:: Task description ::
The records follow. Copy each one exactly.

Segment Start: Available data

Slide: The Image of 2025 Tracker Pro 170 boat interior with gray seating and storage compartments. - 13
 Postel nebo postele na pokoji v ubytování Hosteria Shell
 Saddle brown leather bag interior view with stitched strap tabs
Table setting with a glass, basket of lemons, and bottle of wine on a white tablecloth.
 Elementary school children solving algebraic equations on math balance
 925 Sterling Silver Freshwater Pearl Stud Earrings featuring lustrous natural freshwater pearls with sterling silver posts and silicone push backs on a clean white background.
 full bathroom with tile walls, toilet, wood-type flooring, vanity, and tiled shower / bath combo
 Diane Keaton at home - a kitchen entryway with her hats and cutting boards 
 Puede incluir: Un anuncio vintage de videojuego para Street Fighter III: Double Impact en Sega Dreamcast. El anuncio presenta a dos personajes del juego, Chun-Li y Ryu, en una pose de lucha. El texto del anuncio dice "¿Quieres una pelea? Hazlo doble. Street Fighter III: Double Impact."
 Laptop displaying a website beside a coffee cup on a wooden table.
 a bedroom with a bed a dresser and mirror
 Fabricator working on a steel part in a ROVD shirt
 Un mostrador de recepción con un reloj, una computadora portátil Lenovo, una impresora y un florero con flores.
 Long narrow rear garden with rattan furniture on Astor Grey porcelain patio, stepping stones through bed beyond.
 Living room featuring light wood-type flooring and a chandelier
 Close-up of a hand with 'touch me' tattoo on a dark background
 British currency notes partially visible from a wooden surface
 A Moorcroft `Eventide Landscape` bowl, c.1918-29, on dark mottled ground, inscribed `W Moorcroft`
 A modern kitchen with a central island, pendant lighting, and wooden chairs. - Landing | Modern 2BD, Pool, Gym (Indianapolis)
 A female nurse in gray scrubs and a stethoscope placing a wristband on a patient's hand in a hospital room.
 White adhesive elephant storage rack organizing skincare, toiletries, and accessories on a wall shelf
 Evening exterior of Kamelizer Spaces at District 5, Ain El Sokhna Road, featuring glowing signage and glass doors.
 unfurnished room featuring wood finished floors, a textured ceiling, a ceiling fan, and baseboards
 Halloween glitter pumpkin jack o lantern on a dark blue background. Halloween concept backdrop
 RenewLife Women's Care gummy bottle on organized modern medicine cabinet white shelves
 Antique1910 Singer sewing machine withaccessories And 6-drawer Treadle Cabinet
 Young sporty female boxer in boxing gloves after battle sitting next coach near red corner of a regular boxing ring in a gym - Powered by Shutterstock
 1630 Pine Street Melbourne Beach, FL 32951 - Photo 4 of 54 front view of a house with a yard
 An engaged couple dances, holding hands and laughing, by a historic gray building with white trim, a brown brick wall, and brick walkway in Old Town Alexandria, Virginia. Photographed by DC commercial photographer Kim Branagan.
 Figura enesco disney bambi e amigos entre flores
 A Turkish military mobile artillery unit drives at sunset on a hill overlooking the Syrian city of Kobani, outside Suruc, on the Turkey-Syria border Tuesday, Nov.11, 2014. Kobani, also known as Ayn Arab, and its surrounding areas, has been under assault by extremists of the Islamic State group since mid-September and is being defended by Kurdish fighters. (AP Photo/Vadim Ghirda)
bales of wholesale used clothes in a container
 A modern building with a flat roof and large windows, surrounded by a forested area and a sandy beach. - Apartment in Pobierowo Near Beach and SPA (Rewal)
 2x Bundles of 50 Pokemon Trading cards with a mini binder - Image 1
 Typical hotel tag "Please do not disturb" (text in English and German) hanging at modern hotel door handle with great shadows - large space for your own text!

Segment End: Available data

:: Answer to the exercise ::
Slide: The Image of 2025 Tracker Pro 170 boat interior with gray seating and storage compartments. - 13
 Postel nebo postele na pokoji v ubytování Hosteria Shell
 Saddle brown leather bag interior view with stitched strap tabs
Table setting with a glass, basket of lemons, and bottle of wine on a white tablecloth.
 Elementary school children solving algebraic equations on math balance
 925 Sterling Silver Freshwater Pearl Stud Earrings featuring lustrous natural freshwater pearls with sterling silver posts and silicone push backs on a clean white background.
 full bathroom with tile walls, toilet, wood-type flooring, vanity, and tiled shower / bath combo
 Diane Keaton at home - a kitchen entryway with her hats and cutting boards 
 Puede incluir: Un anuncio vintage de videojuego para Street Fighter III: Double Impact en Sega Dreamcast. El anuncio presenta a dos personajes del juego, Chun-Li y Ryu, en una pose de lucha. El texto del anuncio dice "¿Quieres una pelea? Hazlo doble. Street Fighter III: Double Impact."
 Laptop displaying a website beside a coffee cup on a wooden table.
 a bedroom with a bed a dresser and mirror
 Fabricator working on a steel part in a ROVD shirt
 Un mostrador de recepción con un reloj, una computadora portátil Lenovo, una impresora y un florero con flores.
 Long narrow rear garden with rattan furniture on Astor Grey porcelain patio, stepping stones through bed beyond.
 Living room featuring light wood-type flooring and a chandelier
 Close-up of a hand with 'touch me' tattoo on a dark background
 British currency notes partially visible from a wooden surface
 A Moorcroft `Eventide Landscape` bowl, c.1918-29, on dark mottled ground, inscribed `W Moorcroft`
 A modern kitchen with a central island, pendant lighting, and wooden chairs. - Landing | Modern 2BD, Pool, Gym (Indianapolis)
 A female nurse in gray scrubs and a stethoscope placing a wristband on a patient's hand in a hospital room.
 White adhesive elephant storage rack organizing skincare, toiletries, and accessories on a wall shelf
 Evening exterior of Kamelizer Spaces at District 5, Ain El Sokhna Road, featuring glowing signage and glass doors.
 unfurnished room featuring wood finished floors, a textured ceiling, a ceiling fan, and baseboards
 Halloween glitter pumpkin jack o lantern on a dark blue background. Halloween concept backdrop
 RenewLife Women's Care gummy bottle on organized modern medicine cabinet white shelves
 Antique1910 Singer sewing machine withaccessories And 6-drawer Treadle Cabinet
 Young sporty female boxer in boxing gloves after battle sitting next coach near red corner of a regular boxing ring in a gym - Powered by Shutterstock
 1630 Pine Street Melbourne Beach, FL 32951 - Photo 4 of 54 front view of a house with a yard
 An engaged couple dances, holding hands and laughing, by a historic gray building with white trim, a brown brick wall, and brick walkway in Old Town Alexandria, Virginia. Photographed by DC commercial photographer Kim Branagan.
 Figura enesco disney bambi e amigos entre flores
 A Turkish military mobile artillery unit drives at sunset on a hill overlooking the Syrian city of Kobani, outside Suruc, on the Turkey-Syria border Tuesday, Nov.11, 2014. Kobani, also known as Ayn Arab, and its surrounding areas, has been under assault by extremists of the Islamic State group since mid-September and is being defended by Kurdish fighters. (AP Photo/Vadim Ghirda)
bales of wholesale used clothes in a container
 A modern building with a flat roof and large windows, surrounded by a forested area and a sandy beach. - Apartment in Pobierowo Near Beach and SPA (Rewal)
 2x Bundles of 50 Pokemon Trading cards with a mini binder - Image 1
 Typical hotel tag "Please do not disturb" (text in English and German) hanging at modern hotel door handle with great shadows - large space for your own text!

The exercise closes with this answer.